Barbie traz reflexões interessantes sobre a mulher, mas em um nível soft, que só seria considerado feminismo na década em que a boneca surgiu, lá nos anos 1950. Nos mostra barbies que ocupam cargos importantes, como médica, presidente e até Prêmio Nobel, o que renova nossa crença de que podemos atingir o sucesso e estar em qualquer lugar que desejarmos, é verdade. Mas em nenhum momento o filme toca nos motivos pelos quais a maioria de nós ainda não consegue. Não acho que deveria, mas só seria um filme feminista se chegasse perto disso.
Entre tantas barbies plenas e bem-vestidas na história, há uma barbie grávida que não só foi tirada de linha pela fabricante como é constantemente escanteada. Não há espaço para uma gestante na sociedade e nem nesse filme — e Greta pontua isso como uma sutil confissão. Destoaria demais retratar a condição de mães que, além de estarem atrás da realização profissional, assumem dois terços da criação dos filhos enquanto os homens seguem dando sua contribuição. Barbie não vai tocar em assuntos sérios. Seria um balde de água fria na plateia cor-de-rosa.
No fim, a mulher que vemos nas barbies de Greta é a mulher que chegou lá, que não depende do homem nem emocional nem financeiramente, que se basta com as amigas. A mulher que aderiu à moda, está na moda, está no topo, é livre e contribui com o mercado — seja negra, magra ou gordinha. É um discurso empoderado, como diriam. Mas convenhamos, nós não somos isso. E se fôssemos, seria um problema.
O desconforto que a boneca Margot Robbie sente é reflexo do desconforto de sua dona humana, e isso se limita a alguns pensamentos sobre morte, noção de imperfeição e preocupação com celulite.
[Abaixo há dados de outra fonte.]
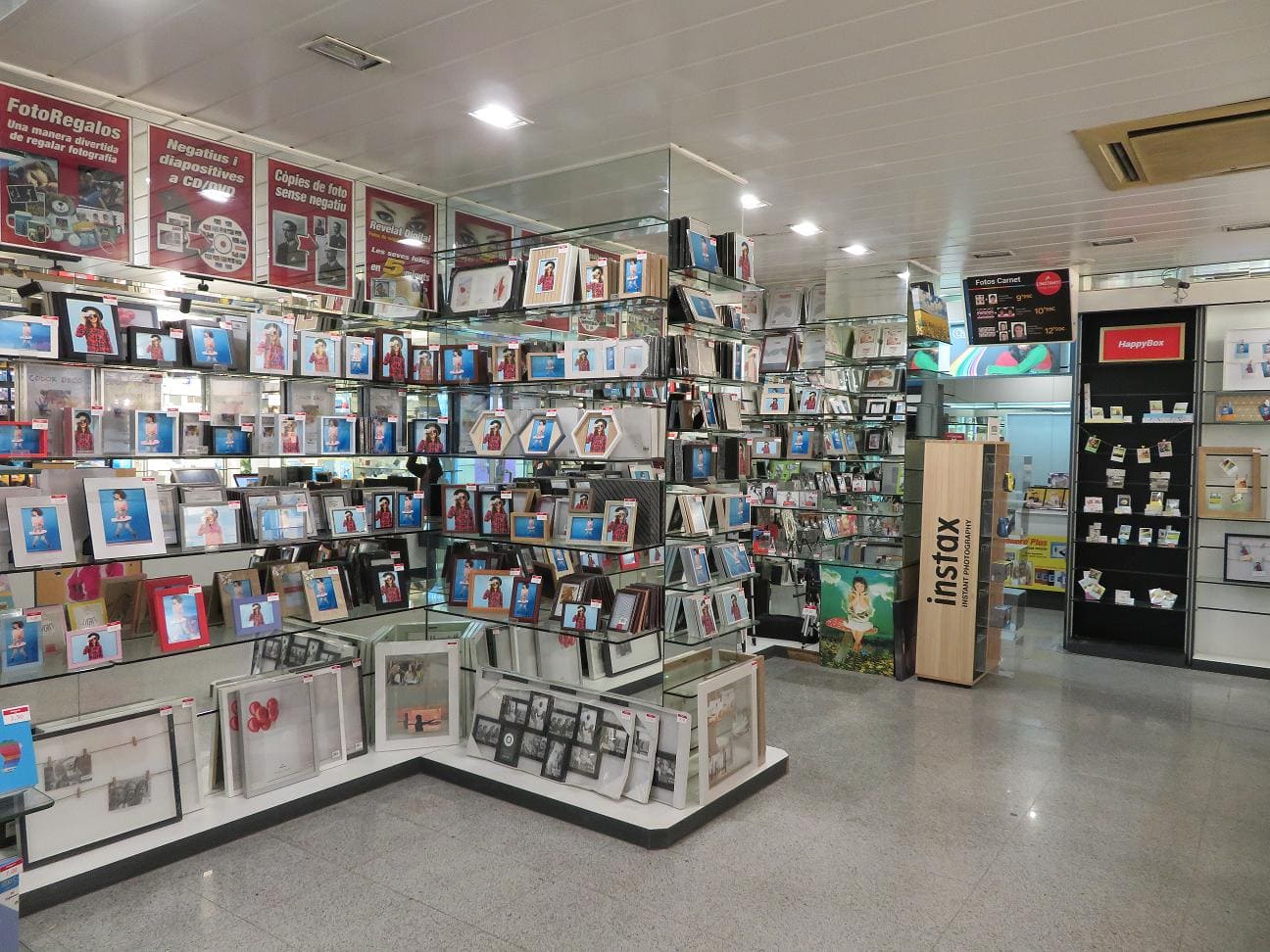 Foto 44 di FotoPrix Sant Andreu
Por que a humana de Barbie sente-se deprimida Greta não nos conta, mas feminismo não tem só a ver com aceitar a própria imperfeição. Isso se chama estar vivo. E se a celulite é algo que ainda preocupa as mulheres a ponto de virar algo engraçadinho na tela do cinema, precisamos acelerar a evolução.
E os homens em Barbie? Enquanto os homens da Barbielândia, todos eles batizados de Ken, são bobos e giram em torno de conseguir a atenção das Barbies, os do mundo real são perversos. Claro que há certo exagero, a vida de verdade não é assim, mas Greta acerta quando mostra Kens perdidos, sem saber o que fazer diante da mulher que cada vez mais demanda seu espaço. "Você precisa descobrir quem você é", diz Barbie para Ken.
É um filme legal, com boas sacadas de Greta, sutis críticas ao patriarcado, mas não vai longe ao falar sobre o que atravanca a vida da mulher. Gosto mais da Greta de Lady Bird (2017), que teve liberdade para criar uma personagem que não é bonita nem feia, é charmosa, não é má nem boa, é intensa, inconsequente e totalmente verdadeira consigo mesma. O que, claro, gera vários transtornos.
As cenas de Lady Bird em que Saoirse Ronan compra uma revista de homem pelado como presente de 18 anos, ou quando é constantemente subestimada pela mãe que duvida de sua capacidade de ser aprovada em uma boa universidade, ou quando se atira do carro andando ao imaginar que nunca vai sair da pequena cidadezinha onde não há qualquer espaço para seus sonhos... Essa Barbie me representa.
Como disse a minha editora Renata Maynart ao me ouvir questionar por que Greta Gerwig fez um filme sobre a boneca Barbie: até uma cineasta mais "alternativa" precisa pagar seus boletos. Torço para que Greta encha os bolsos de dinheiro e faça um filme à altura das mulheres do século 21. Seria um bom drama.